Good morning from US District Court in DC. At 10 am, House Judiciary Committee & DOJ lawyers will appear for a hearing in the Democrats’ lawsuit to get Robert Mueller’s grand jury materials as part of their impeachment inquiry. I’ll live tweet some of the proceedings. pic.twitter.com/h1YavNasL0— Darren Samuelsohn (@dsamuelsohn) October 8, 2019
I can't cite all the tweets here (it's a long thread). This part is quite delicious:
DOJ's Shapiro says the House keeps "shifting" in its reasons for why it needs the Mueller materials. The initial application was about obstruction and the Mueller report and McGahn. Howell cuts her off, says she may need to give "deference" to the House.— Darren Samuelsohn (@dsamuelsohn) October 8, 2019
Shapiro says even Pelosi has given different accounts of whether the House is in an impeachment investigation.— Darren Samuelsohn (@dsamuelsohn) October 8, 2019
Shapiro: The House needs to show "some degree of formality” that it's doing impeachment.— Darren Samuelsohn (@dsamuelsohn) October 8, 2019
Howell: Agrees a vote would "make my life very much easier. But short of that what degree of formality is the department saying I need to look for?"
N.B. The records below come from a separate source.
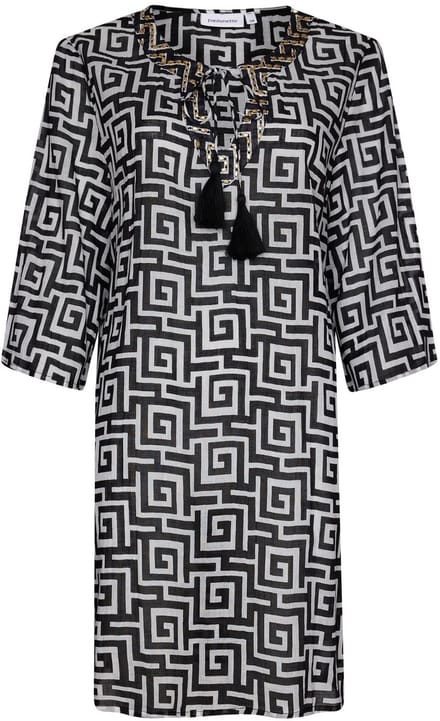 Pastunette Cover-Up Graphic Beach - Zwart/Wit - Katoen - Maat 42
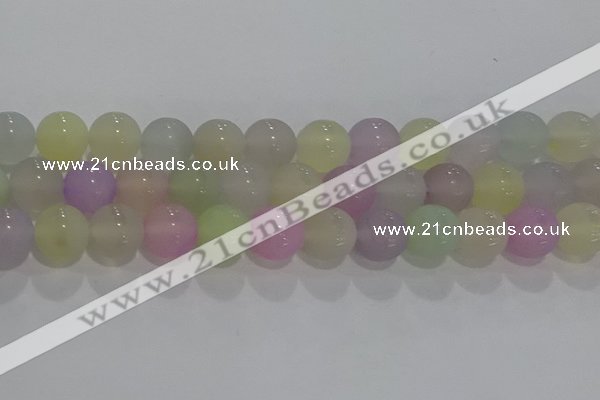 CAG8934 15.5 inches 12mm round matte colorful agate beads wholesale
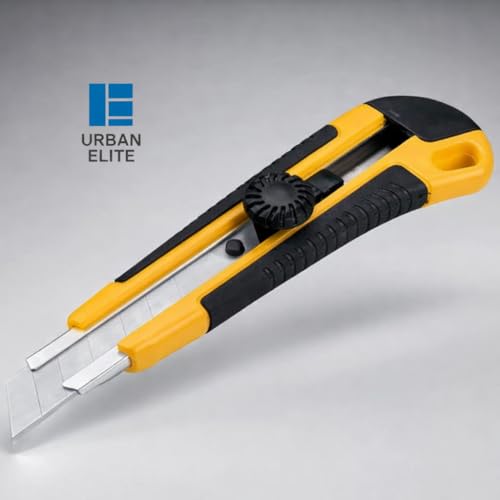 Image of Urban Elite 18mm Utility Cutter Replacement Blades | Pack of 10 | Compatible with Standard Snap-Off Utility Knives | For Cardboard, Cartons, Packaging, DIY, Home & Office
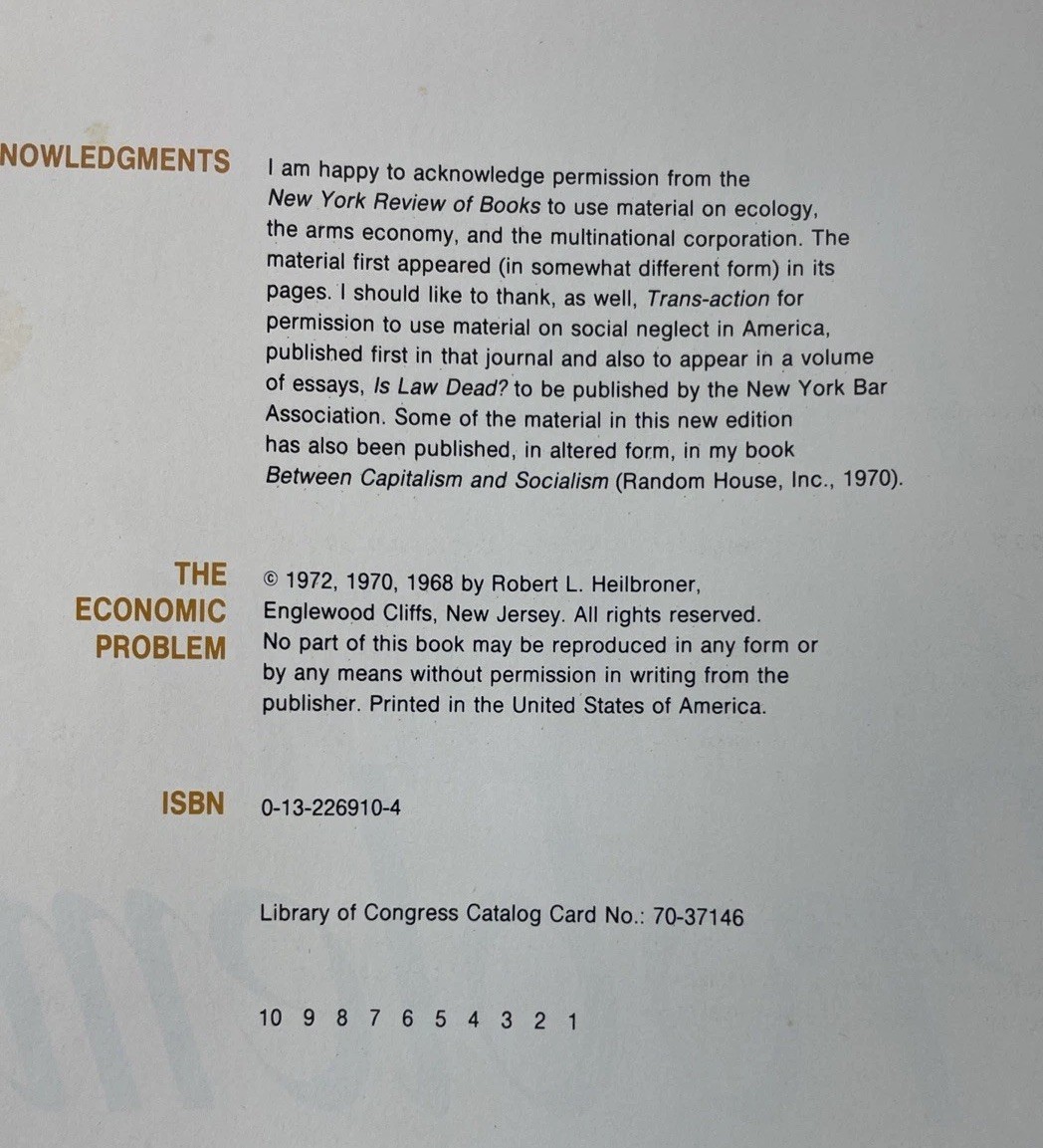 The Economic Problem, Robert L. Heilbroner, Hardback, Text Book 3rd Ed 1972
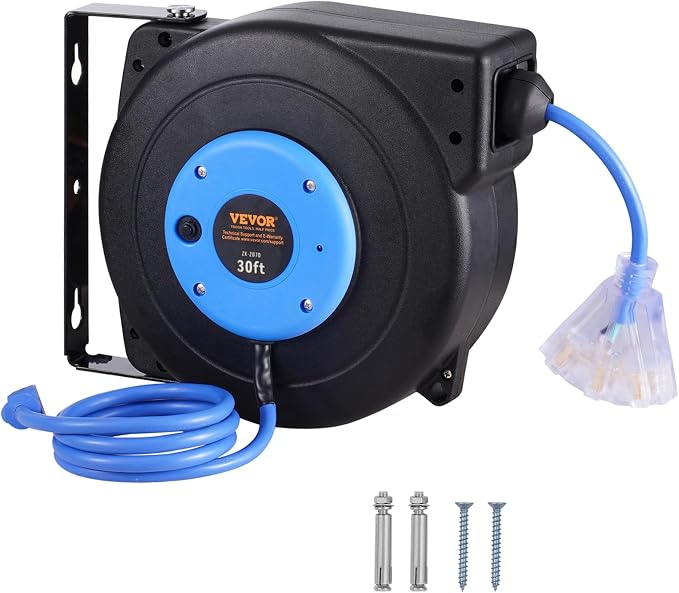 VEVOR Retractable Extension Cord Reel, 30 FT, Heavy Duty 16AWG/3C SJTOW - Image 9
Shapiro: "We’re not advocating any specific line.”— Darren Samuelsohn (@dsamuelsohn) October 8, 2019
Howell: "That is so not helpful.”
In other words, the DOJ's position is that the House needs to be more formal about conducting impeachment hearings, because that changes the legal analysis of what the House is entitled to review. But the DOJ wants to keep the definition of "formal" fluid, so they can reserve the right to object to anything the House does as insufficient to establish impeachment proceedings. (Because there are no formal rules in the Constitution as to how the House conducts an impeachment.)
Nice work, if they can get it. Signs point to "They can't."
Howell says based on DC Circuit and SCOTUS precedent "I owe enormous deference" to how the House decides it's in impeachment proceedings. "Am I misreading those cases?" she asks.— Darren Samuelsohn (@dsamuelsohn) October 8, 2019
And that's a key issue: the courts are not gonna step on the House rules, because the Constitution specifically gives the House power to set its own rules, and because the House can de-fund the courts or even impeach judges who decide the House works the way the Courts decide they work. Co-equal branches of government, in other words, don't mess in each others business, not without distinct authority to do so. Deciding the legitimacy of the House rules on impeachment is not something the courts have distinct authority to do, and they won't. "Deference," is the legal term.